== RECORD SET ==
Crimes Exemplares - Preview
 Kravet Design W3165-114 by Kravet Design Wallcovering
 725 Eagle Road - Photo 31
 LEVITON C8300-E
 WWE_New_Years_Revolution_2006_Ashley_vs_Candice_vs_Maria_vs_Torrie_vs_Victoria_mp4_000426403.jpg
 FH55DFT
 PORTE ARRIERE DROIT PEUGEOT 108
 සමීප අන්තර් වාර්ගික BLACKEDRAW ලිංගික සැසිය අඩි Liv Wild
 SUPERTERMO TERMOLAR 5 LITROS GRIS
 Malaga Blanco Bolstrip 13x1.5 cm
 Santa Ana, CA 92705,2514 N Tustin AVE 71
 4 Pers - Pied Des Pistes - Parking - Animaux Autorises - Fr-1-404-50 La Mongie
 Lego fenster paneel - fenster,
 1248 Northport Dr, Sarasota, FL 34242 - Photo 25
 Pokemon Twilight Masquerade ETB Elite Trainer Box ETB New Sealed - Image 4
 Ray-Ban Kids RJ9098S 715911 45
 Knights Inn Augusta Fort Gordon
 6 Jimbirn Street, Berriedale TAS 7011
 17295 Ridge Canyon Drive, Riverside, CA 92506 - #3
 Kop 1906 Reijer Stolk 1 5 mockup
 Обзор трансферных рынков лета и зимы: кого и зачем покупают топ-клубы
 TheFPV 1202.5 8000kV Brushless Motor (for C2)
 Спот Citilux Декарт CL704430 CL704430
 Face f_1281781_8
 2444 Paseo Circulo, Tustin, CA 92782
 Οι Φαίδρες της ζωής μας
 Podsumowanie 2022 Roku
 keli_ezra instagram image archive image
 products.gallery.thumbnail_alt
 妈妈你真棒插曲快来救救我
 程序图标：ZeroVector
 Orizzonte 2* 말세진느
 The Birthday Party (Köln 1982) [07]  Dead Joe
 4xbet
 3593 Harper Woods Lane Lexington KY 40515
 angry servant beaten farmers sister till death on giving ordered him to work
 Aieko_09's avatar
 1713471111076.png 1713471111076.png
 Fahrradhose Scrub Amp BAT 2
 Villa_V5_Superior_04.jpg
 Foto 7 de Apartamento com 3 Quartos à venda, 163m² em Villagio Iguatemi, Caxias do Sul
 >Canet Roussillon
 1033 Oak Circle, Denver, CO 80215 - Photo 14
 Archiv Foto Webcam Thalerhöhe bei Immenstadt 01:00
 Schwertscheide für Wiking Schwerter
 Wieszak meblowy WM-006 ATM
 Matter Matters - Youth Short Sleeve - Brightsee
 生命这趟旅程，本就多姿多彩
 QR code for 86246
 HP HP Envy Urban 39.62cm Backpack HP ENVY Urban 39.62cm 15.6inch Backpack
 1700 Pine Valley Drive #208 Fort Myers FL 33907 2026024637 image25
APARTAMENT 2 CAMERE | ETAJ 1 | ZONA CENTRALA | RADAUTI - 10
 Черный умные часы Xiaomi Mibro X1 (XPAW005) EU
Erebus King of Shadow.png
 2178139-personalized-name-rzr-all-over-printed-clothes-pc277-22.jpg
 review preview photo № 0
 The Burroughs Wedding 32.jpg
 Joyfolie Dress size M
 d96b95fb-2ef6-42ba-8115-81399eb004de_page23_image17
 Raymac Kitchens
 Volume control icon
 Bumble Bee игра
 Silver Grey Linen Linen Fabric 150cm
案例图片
===
[DIRECTIONS]: Quote, word for word, every line from the top of the entries through the line that holds "Malaga Blanco Bolstrip 13x1.5 cm".

[TASK RESPONSE]:
Crimes Exemplares - Preview
 Kravet Design W3165-114 by Kravet Design Wallcovering
 725 Eagle Road - Photo 31
 LEVITON C8300-E
 WWE_New_Years_Revolution_2006_Ashley_vs_Candice_vs_Maria_vs_Torrie_vs_Victoria_mp4_000426403.jpg
 FH55DFT
 PORTE ARRIERE DROIT PEUGEOT 108
 සමීප අන්තර් වාර්ගික BLACKEDRAW ලිංගික සැසිය අඩි Liv Wild
 SUPERTERMO TERMOLAR 5 LITROS GRIS
 Malaga Blanco Bolstrip 13x1.5 cm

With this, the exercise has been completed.